[Source data]
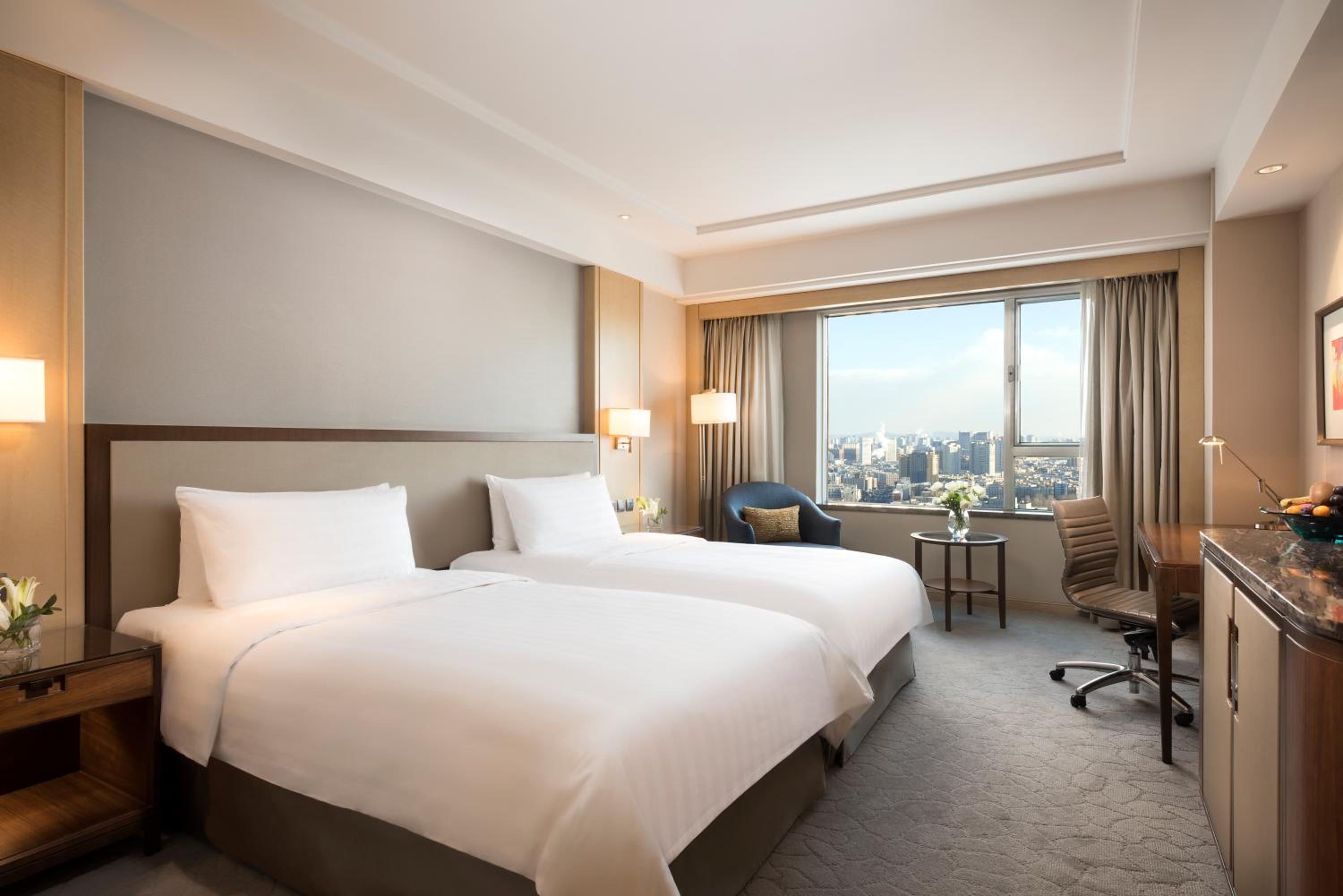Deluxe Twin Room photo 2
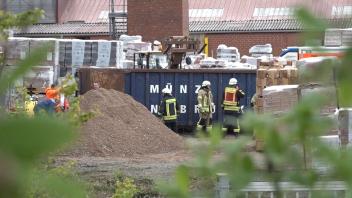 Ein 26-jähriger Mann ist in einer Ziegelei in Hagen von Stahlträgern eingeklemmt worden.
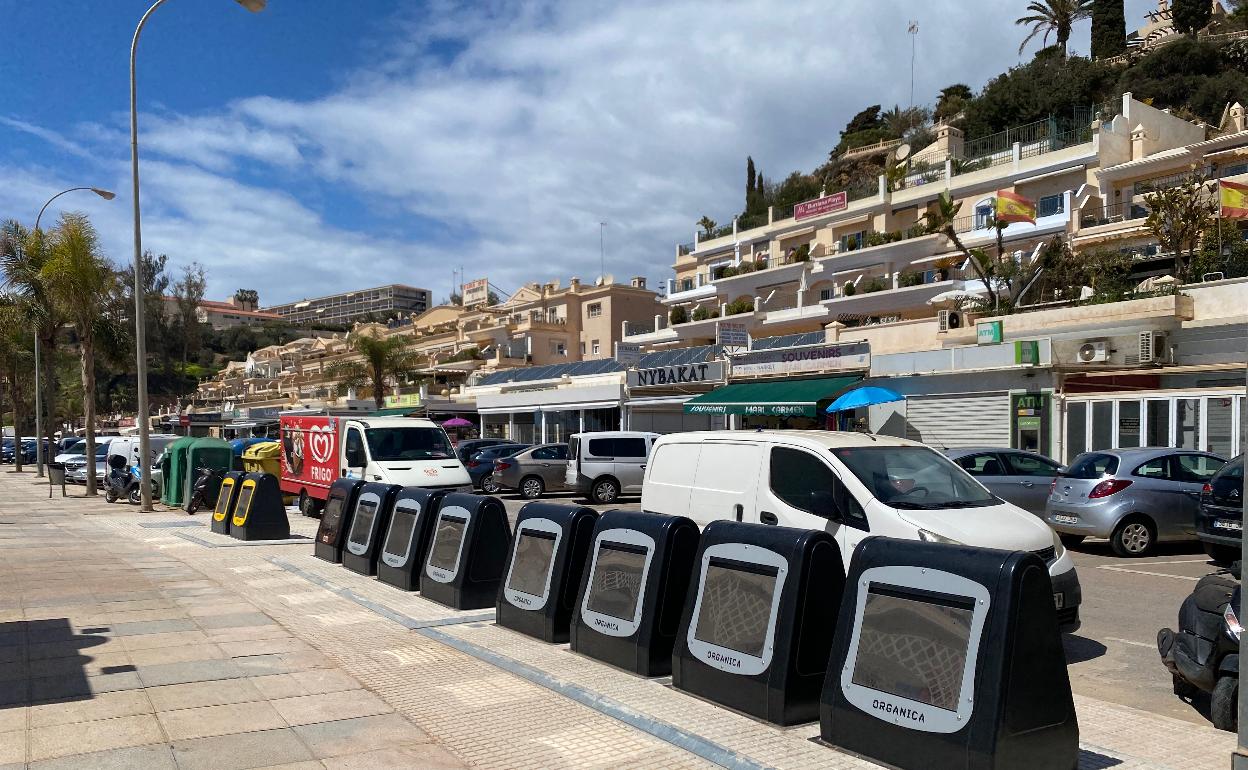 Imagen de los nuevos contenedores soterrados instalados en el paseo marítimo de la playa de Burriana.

[Problem to work on] In repeating the lines above, keep the wording exact and leave every picture out.

[Exercise answer]
Deluxe Twin Room photo 2
 Ein 26-jähriger Mann ist in einer Ziegelei in Hagen von Stahlträgern eingeklemmt worden.
 Imagen de los nuevos contenedores soterrados instalados en el paseo marítimo de la playa de Burriana.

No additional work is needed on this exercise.